TASK:
Retype the records that follow, every line exactly as written.

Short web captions
++++++++

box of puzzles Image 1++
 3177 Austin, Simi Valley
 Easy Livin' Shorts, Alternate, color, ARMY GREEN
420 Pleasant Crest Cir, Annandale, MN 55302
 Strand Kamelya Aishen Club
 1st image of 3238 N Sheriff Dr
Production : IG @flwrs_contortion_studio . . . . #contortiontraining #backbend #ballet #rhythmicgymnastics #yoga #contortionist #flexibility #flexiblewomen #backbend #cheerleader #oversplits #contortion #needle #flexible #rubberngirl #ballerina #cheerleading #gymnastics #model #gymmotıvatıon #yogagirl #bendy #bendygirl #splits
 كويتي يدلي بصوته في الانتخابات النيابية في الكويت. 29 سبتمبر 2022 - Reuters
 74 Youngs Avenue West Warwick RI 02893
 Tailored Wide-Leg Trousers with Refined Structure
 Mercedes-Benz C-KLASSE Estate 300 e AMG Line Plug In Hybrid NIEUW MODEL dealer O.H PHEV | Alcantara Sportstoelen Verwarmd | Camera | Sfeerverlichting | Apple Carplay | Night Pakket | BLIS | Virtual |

++++++++

SOLUTION FOR THIS TASK:
box of puzzles Image 1++
 3177 Austin, Simi Valley
 Easy Livin' Shorts, Alternate, color, ARMY GREEN
420 Pleasant Crest Cir, Annandale, MN 55302
 Strand Kamelya Aishen Club
 1st image of 3238 N Sheriff Dr
Production : IG @flwrs_contortion_studio . . . . #contortiontraining #backbend #ballet #rhythmicgymnastics #yoga #contortionist #flexibility #flexiblewomen #backbend #cheerleader #oversplits #contortion #needle #flexible #rubberngirl #ballerina #cheerleading #gymnastics #model #gymmotıvatıon #yogagirl #bendy #bendygirl #splits
 كويتي يدلي بصوته في الانتخابات النيابية في الكويت. 29 سبتمبر 2022 - Reuters
 74 Youngs Avenue West Warwick RI 02893
 Tailored Wide-Leg Trousers with Refined Structure
 Mercedes-Benz C-KLASSE Estate 300 e AMG Line Plug In Hybrid NIEUW MODEL dealer O.H PHEV | Alcantara Sportstoelen Verwarmd | Camera | Sfeerverlichting | Apple Carplay | Night Pakket | BLIS | Virtual |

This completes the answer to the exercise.